» **Try it**
For the records below, copy exactly the span that begins at the line containing "Funny cartoon monster" and stops after the line containing "Naklejka premium Illustration", minus any pictures.

:: Dataset entries ::

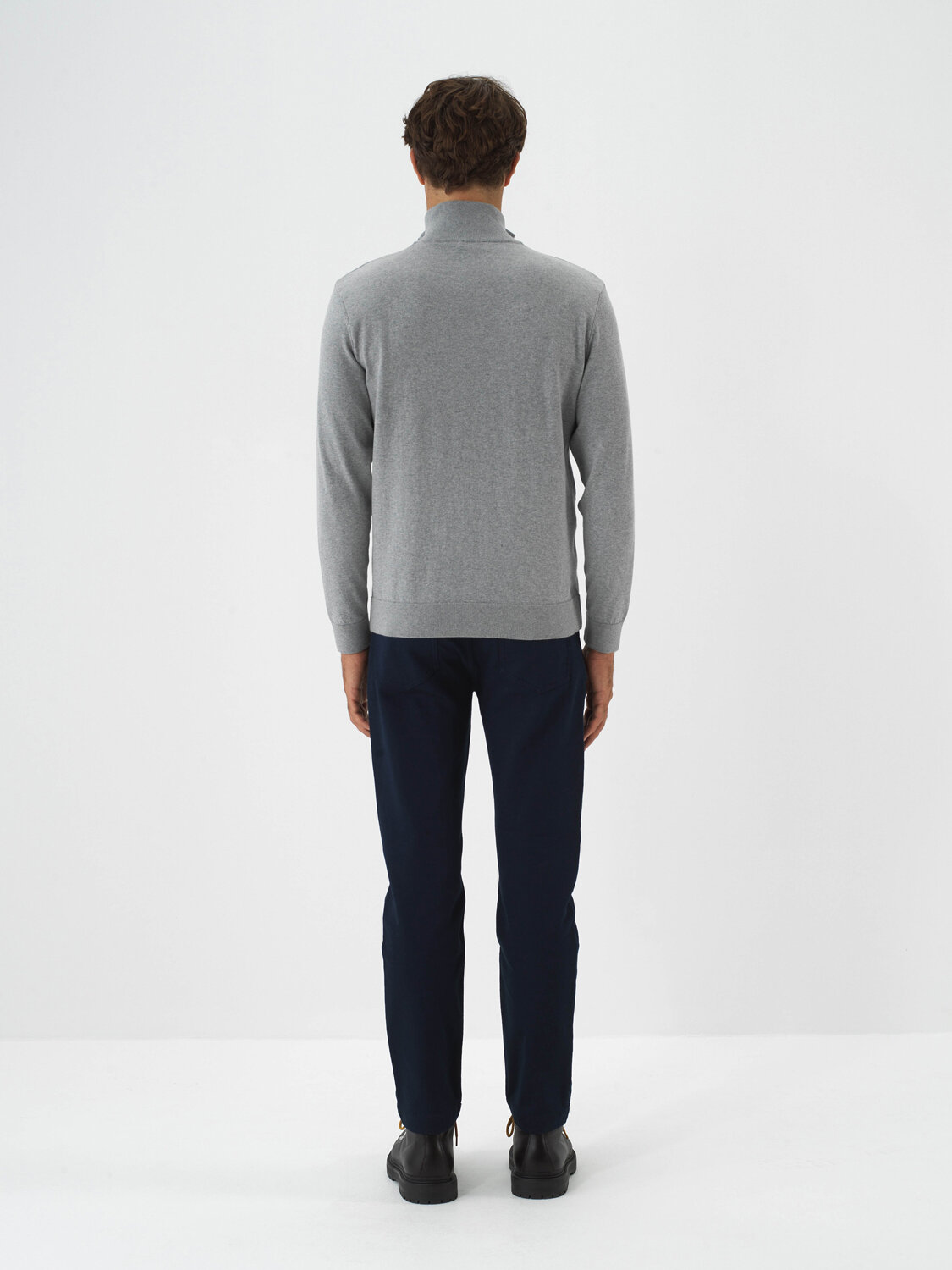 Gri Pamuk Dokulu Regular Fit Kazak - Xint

:::
:: Dataset entries ::

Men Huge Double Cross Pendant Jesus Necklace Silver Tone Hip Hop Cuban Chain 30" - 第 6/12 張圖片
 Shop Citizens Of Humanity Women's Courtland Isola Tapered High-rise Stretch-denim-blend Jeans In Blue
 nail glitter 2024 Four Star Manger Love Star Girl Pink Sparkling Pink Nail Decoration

:::
:: Dataset entries ::

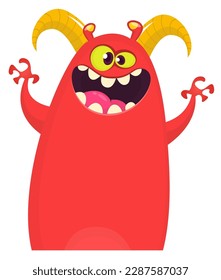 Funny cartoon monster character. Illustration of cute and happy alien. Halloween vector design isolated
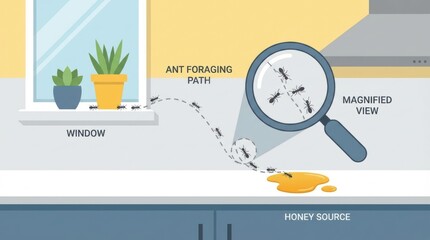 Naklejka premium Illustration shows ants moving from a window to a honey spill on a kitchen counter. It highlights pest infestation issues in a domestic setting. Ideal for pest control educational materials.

:::

» **Answer box**
 Funny cartoon monster character. Illustration of cute and happy alien. Halloween vector design isolated
 Naklejka premium Illustration shows ants moving from a window to a honey spill on a kitchen counter. It highlights pest infestation issues in a domestic setting. Ideal for pest control educational materials.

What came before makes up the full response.